Outlawing Preparations for InterferenceBack to table of contents
In support of a ban on acts of interference, a negotiated protective agreement would presumably also seek to prohibit dedicated preparations for interference so as to protect the arrangement against sudden collapse. A cease-fire agreement or the desist-from-firing variant is not robust if loaded guns are left in the hands of combatants.
That supportive provision would undoubtedly be more difficult to achieve. A prohibition on any further tests or operational deployment of designated anti-satellite weapons would effectively contain any threat from that source, because their development up to this point has been rudimentary. But the U.S. program for ballistic missile defense poses more of a problem. Exoatmospheric interception of ballistic missile warheads also enables attack on satellites in LEO, and technical reasons lead some to believe that this is in fact the most credible mission. Kinetic interception of missile warheads can readily be defeated by accompanying decoys, but that tactic cannot be as effectively applied to space assets, which must emanate detectable signals over extended periods of time in order to perform their functions. Intense political commitment to missile defense in the United States and strategic resistance to it in China would undoubtedly be a major impediment to a ban on anti- satellite systems. That is not a valid reason for categorically rejecting the idea, but the issue is one that would require more consequential decisions than governments of any type are usually willing to make.
The central question is whether to attempt an inherently questionable distinction between ballistic missile defense and anti-satellite functions or whether to pursue an arrangement that encompasses both problems. The former approach might involve agreed limits on the testing and deployment of missile defense interceptors (number of launchers and their location) but would be burdened by the basic fact that a missile defense deployment of any size would pose a significant threat to the small number of sensitive satellites, each one of which is significant.
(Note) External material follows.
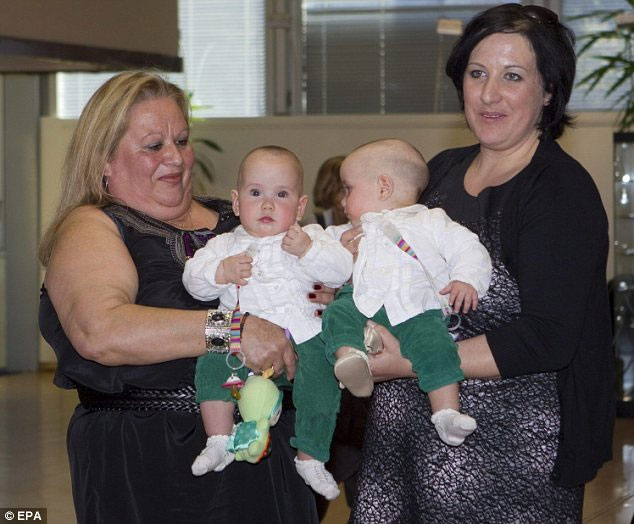 Successfully separated conjoined twins images 2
The latter approach would be more venturesome and for that reason more interesting. A logical combined arrangement would require that any missile defense deployment be dedicated to global rather than exclusively national protection and that it be jointly operated to assure that commitment. Such an arrangement would not preclude the capability for satellite attack, but with suitable internal rules it would prevent operational preparation or actual execution of such attacks. Even dedicated advocates of missile defense might eventually warm to that idea. As a practical matter, the technical prospects of missile defense are so poor that establishing global legitimacy might well prove to be a necessary requirement for sustaining the effort.